Supplied information Block Start

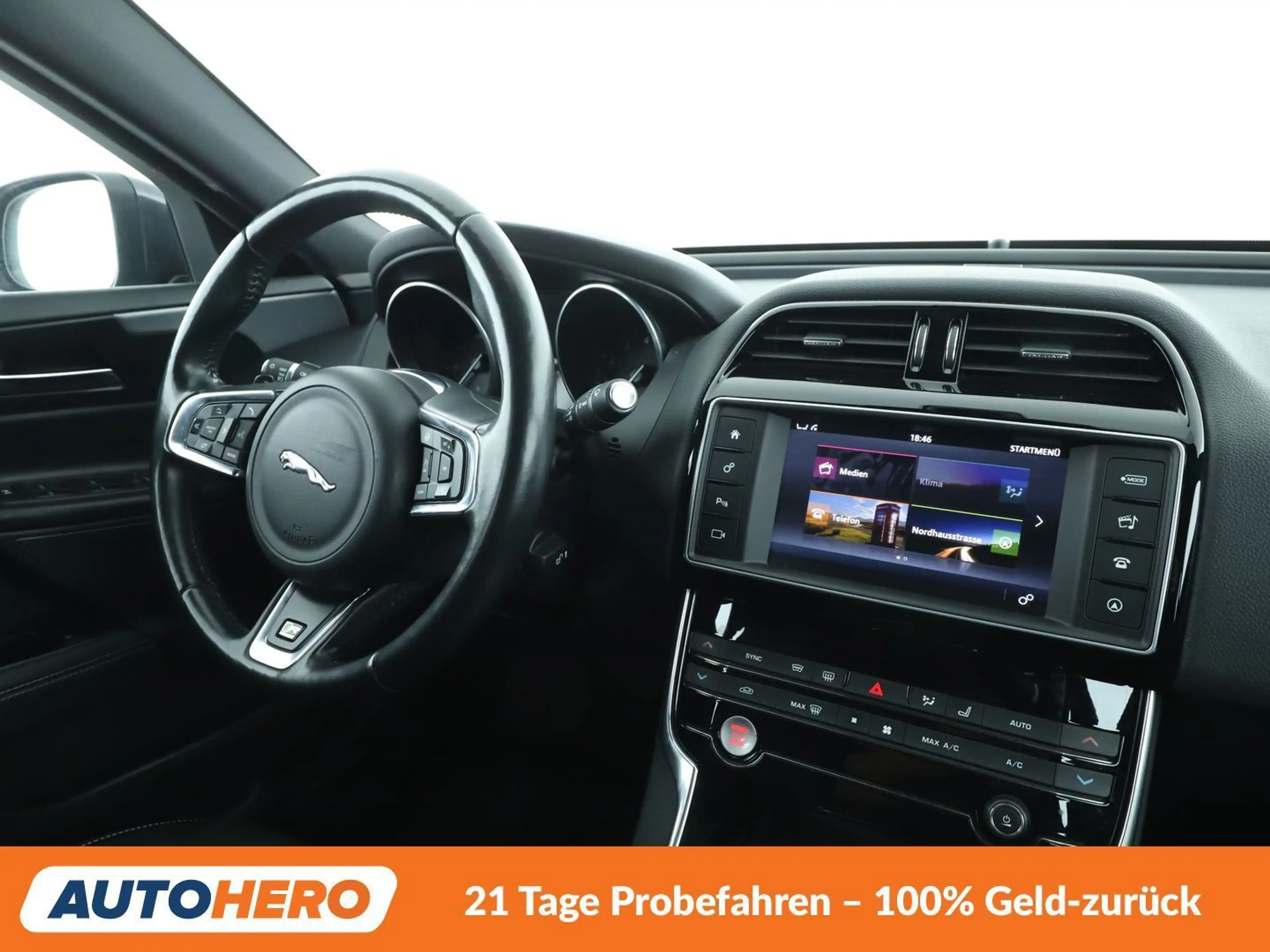 Jaguar XE 25t R-Sport Aut.*NAVI*CAM*PDC*SHZ*XENON*TEMPO* — photo 13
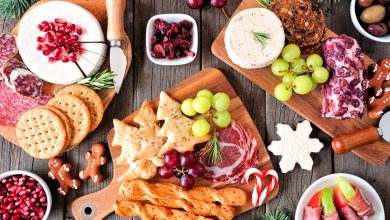 8 Healthy Grazing Boards RDs Are Making This Vacation Season 3 8 Healthy Grazing Boards RDs Are Making This Holiday Season
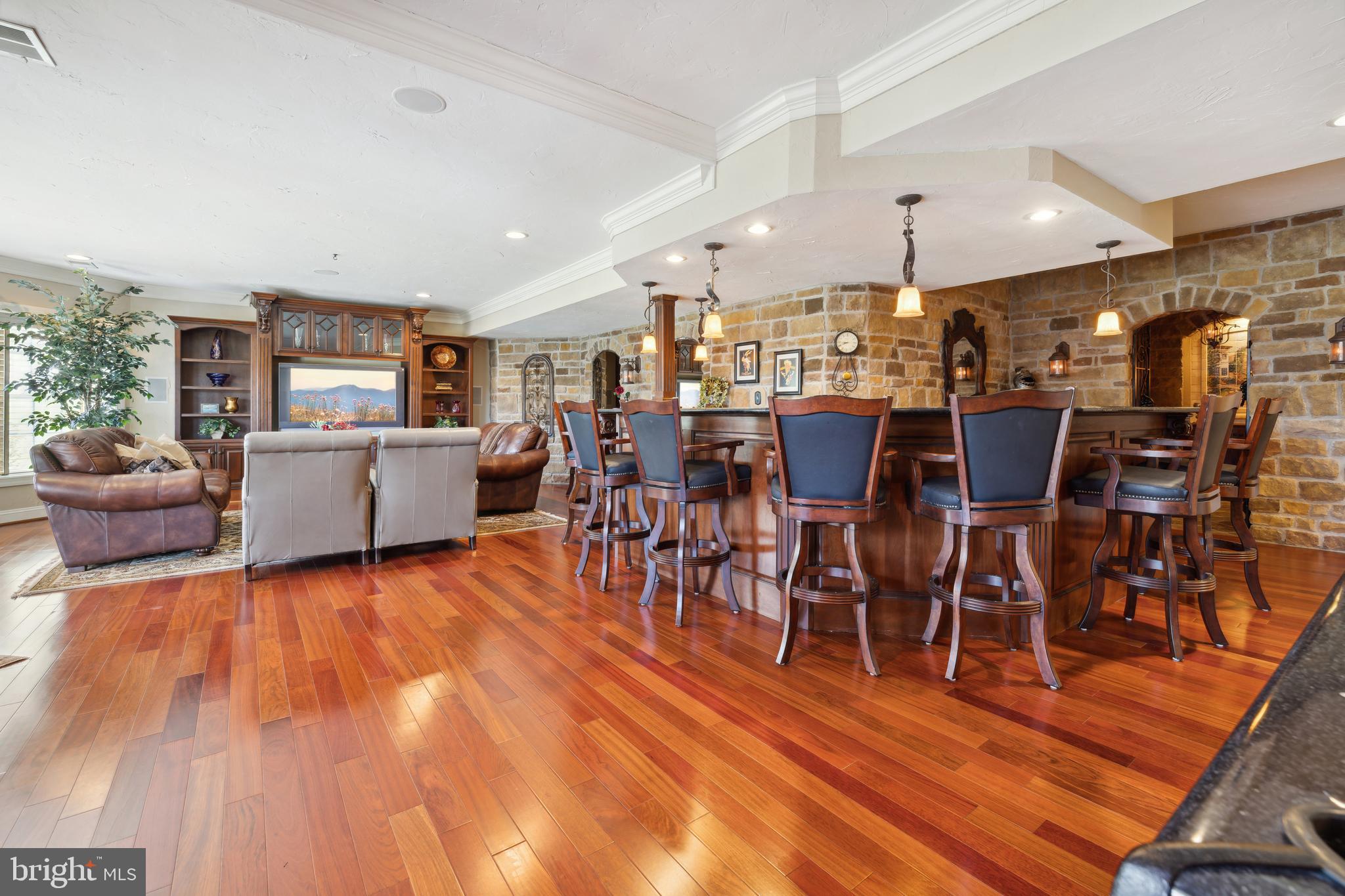 GOSHEN PARK PLACE - Residential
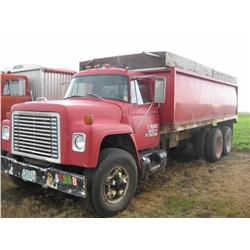 1975 IH Truck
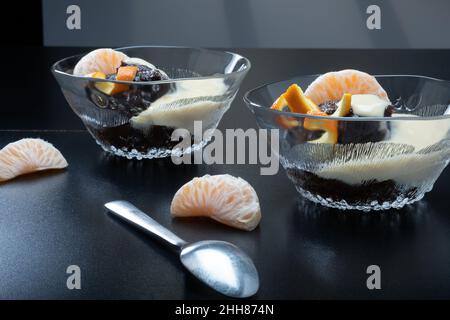 Helsinki / Finlande - 23 JANVIER 2022 : cuisine finlandaise traditionnelle - Mämmi à base de seigle typique est mangé autour de Pâques avec de la crème fraîche ou de la crème anglaise. Banque D'Images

Supplied information Block End

__Exercise instructions__. Generate a word-for-word copy of the preceding records, excluding all pictures.

__Reply__.
 Jaguar XE 25t R-Sport Aut.*NAVI*CAM*PDC*SHZ*XENON*TEMPO* — photo 13
 8 Healthy Grazing Boards RDs Are Making This Vacation Season 3 8 Healthy Grazing Boards RDs Are Making This Holiday Season
 GOSHEN PARK PLACE - Residential
 1975 IH Truck
 Helsinki / Finlande - 23 JANVIER 2022 : cuisine finlandaise traditionnelle - Mämmi à base de seigle typique est mangé autour de Pâques avec de la crème fraîche ou de la crème anglaise. Banque D'Images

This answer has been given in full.